(Given information)

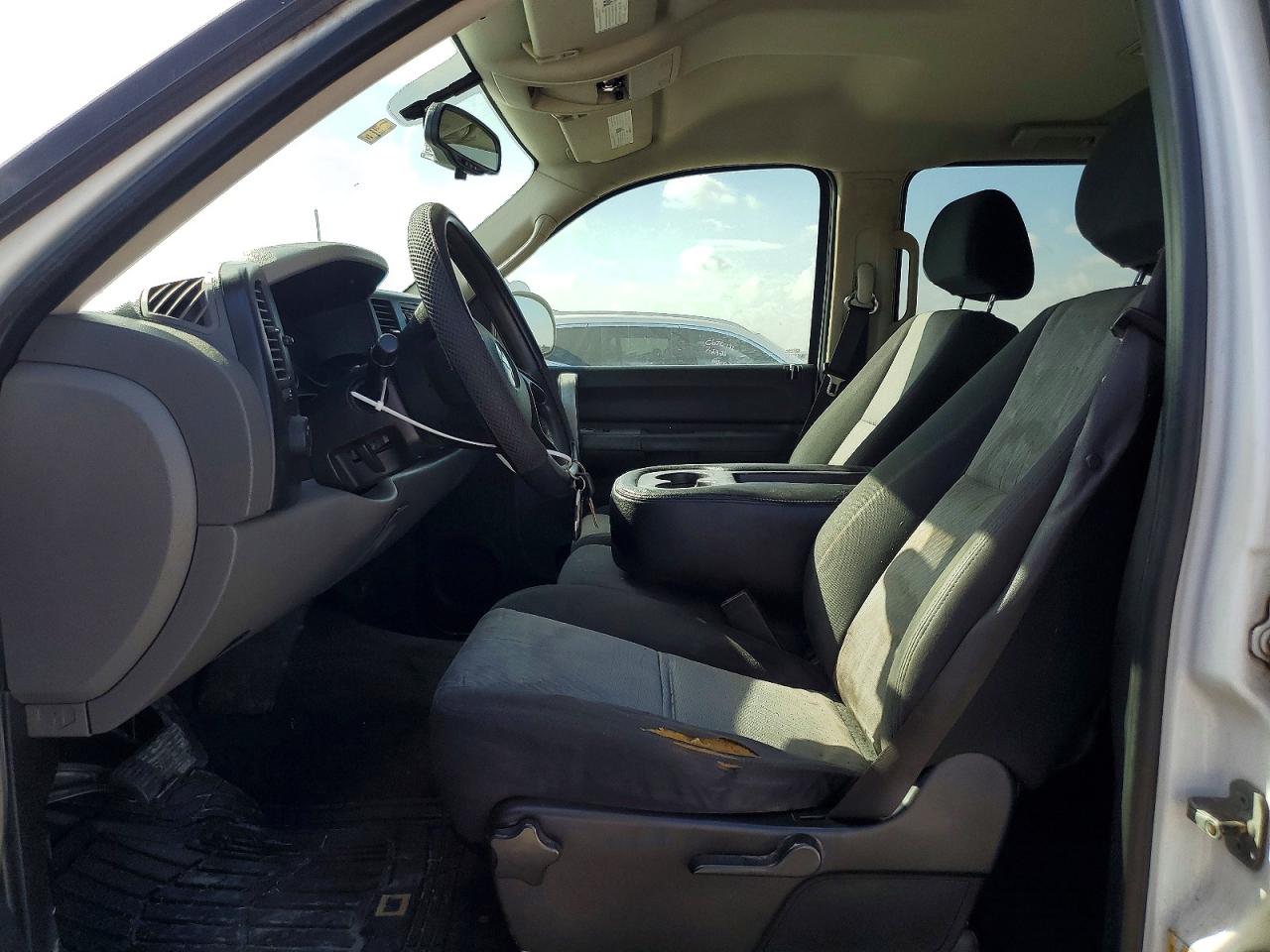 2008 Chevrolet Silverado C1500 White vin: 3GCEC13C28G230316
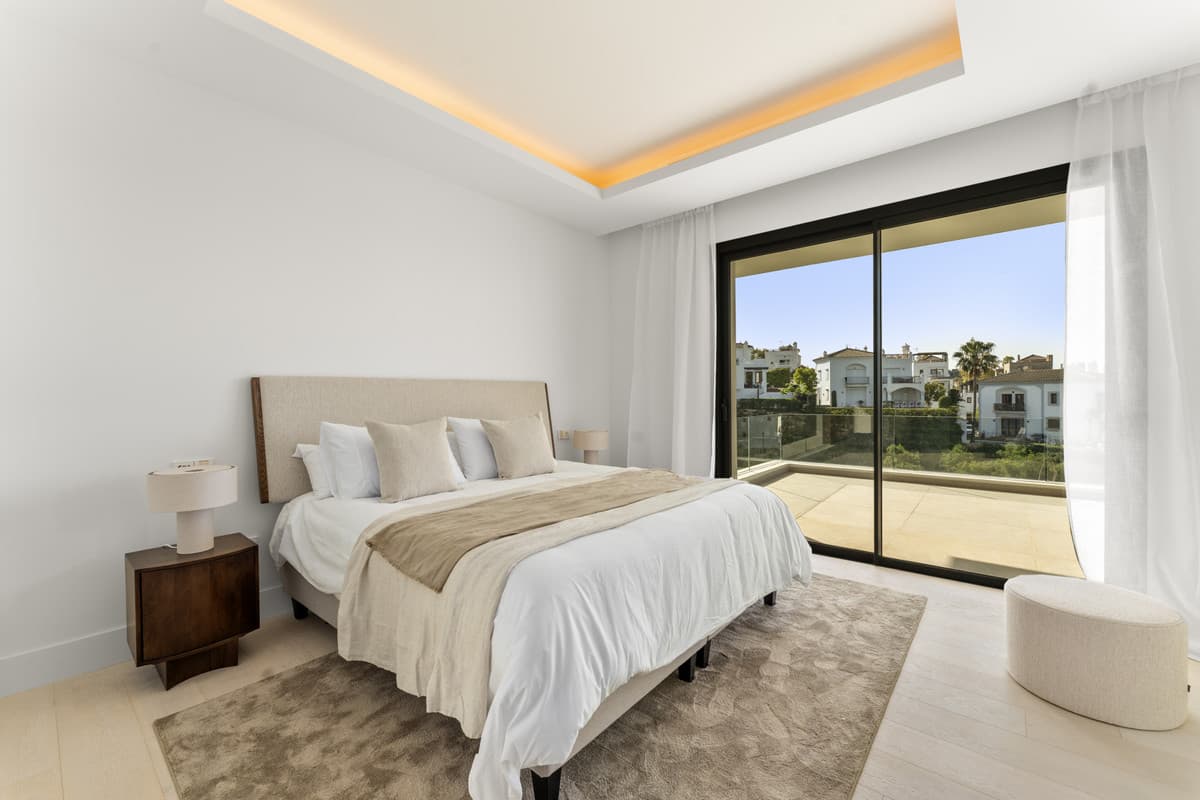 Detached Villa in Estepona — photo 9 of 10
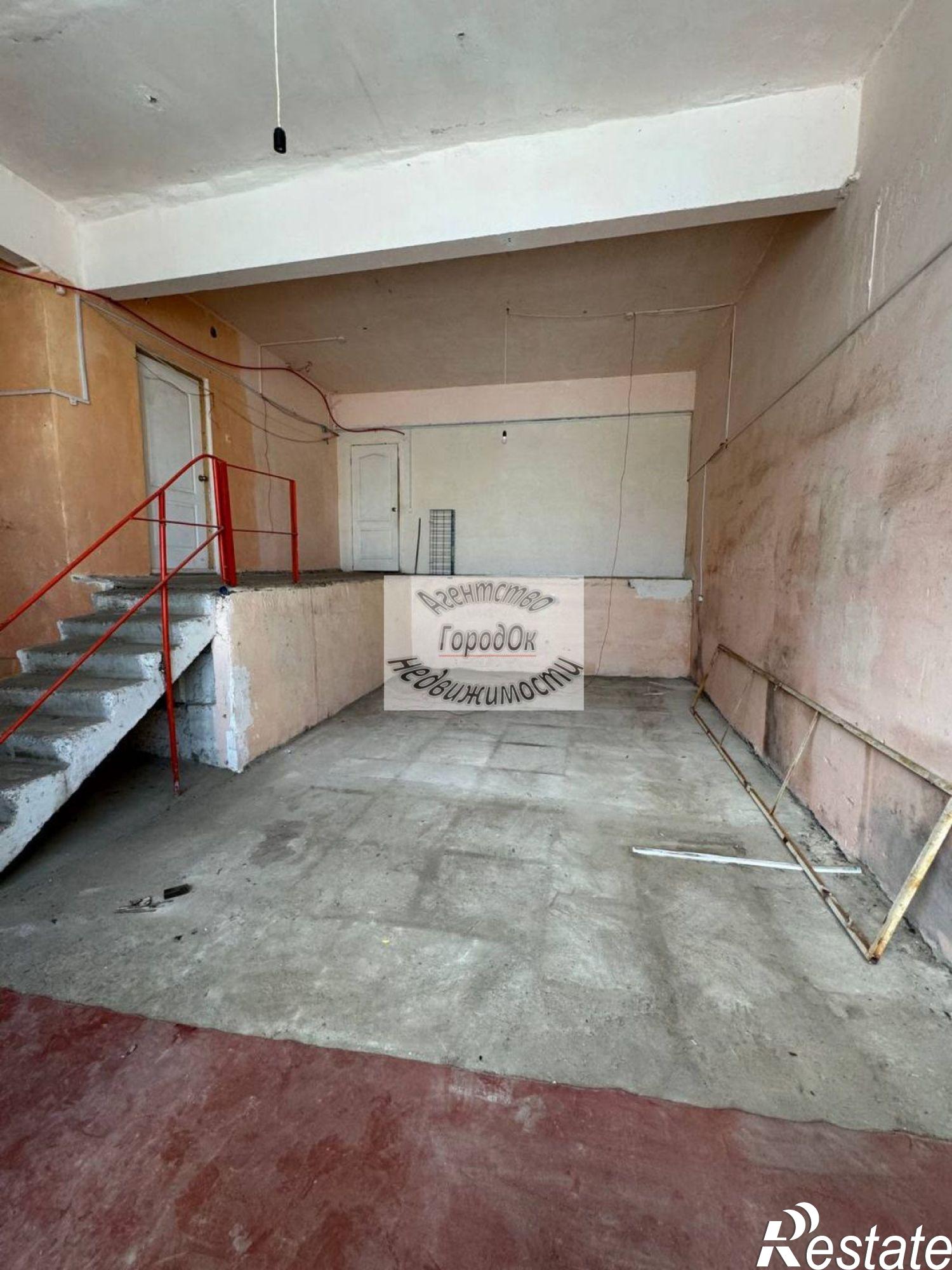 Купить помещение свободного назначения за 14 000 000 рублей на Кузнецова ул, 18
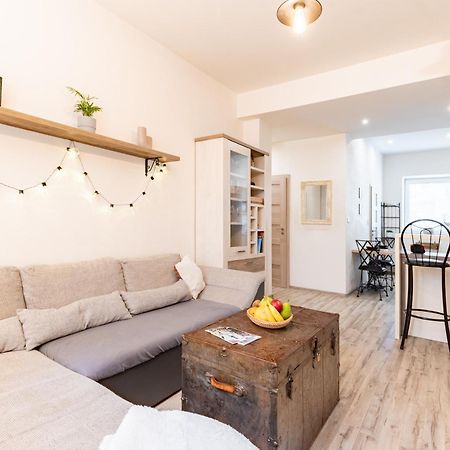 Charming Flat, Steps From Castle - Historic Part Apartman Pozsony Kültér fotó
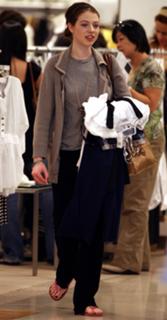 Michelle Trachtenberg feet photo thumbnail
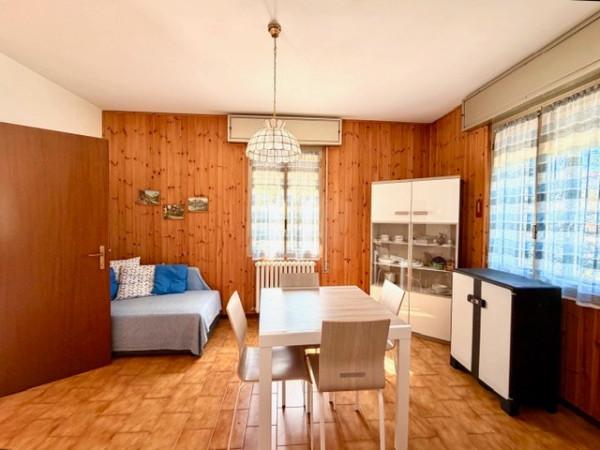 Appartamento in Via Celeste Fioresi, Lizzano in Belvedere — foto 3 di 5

(End Given information)

# [Your objective]
Retype the data above exactly; pictures are not part of the copy.

# [Result]
 2008 Chevrolet Silverado C1500 White vin: 3GCEC13C28G230316
 Detached Villa in Estepona — photo 9 of 10
 Купить помещение свободного назначения за 14 000 000 рублей на Кузнецова ул, 18
 Charming Flat, Steps From Castle - Historic Part Apartman Pozsony Kültér fotó
 Michelle Trachtenberg feet photo thumbnail
 Appartamento in Via Celeste Fioresi, Lizzano in Belvedere — foto 3 di 5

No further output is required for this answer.